> Exercise objective:
All that is wanted is the line with "a room with" and each line after it to the end of the data below, set down exactly and without pictures.

> Supplied material:
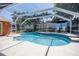 A screened-in pool includes an attached hot tub, lounge chairs, and shade umbrellas at 460 Meravan Dr, Palm Harbor, FL 34683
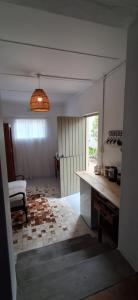 a room with a table and a bed and a window at Hope's Harvest Nook in Montagu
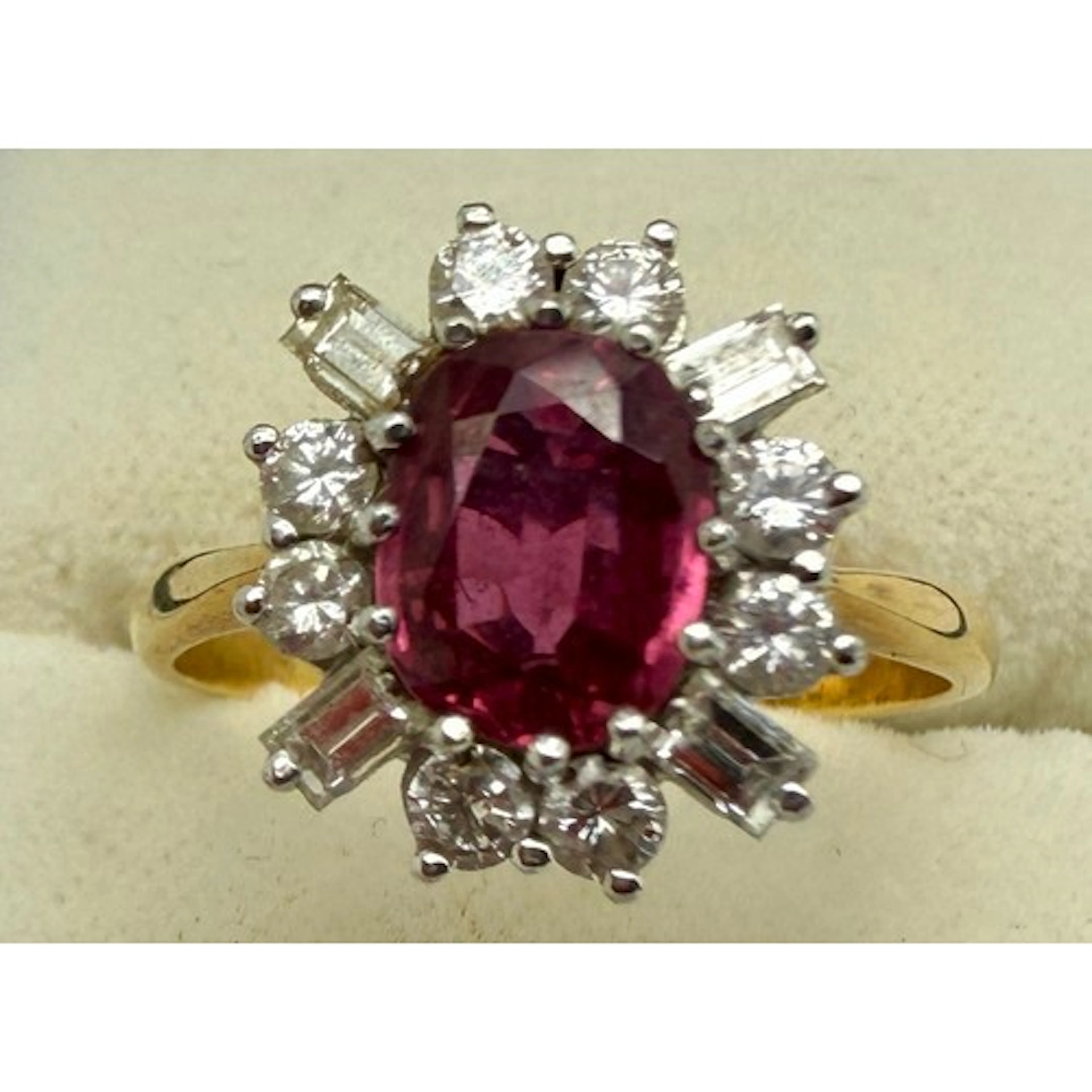 A ruby and diamond cluster ring set in 18 carat yellow gold....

> Exercise answer:
 a room with a table and a bed and a window at Hope's Harvest Nook in Montagu
 A ruby and diamond cluster ring set in 18 carat yellow gold....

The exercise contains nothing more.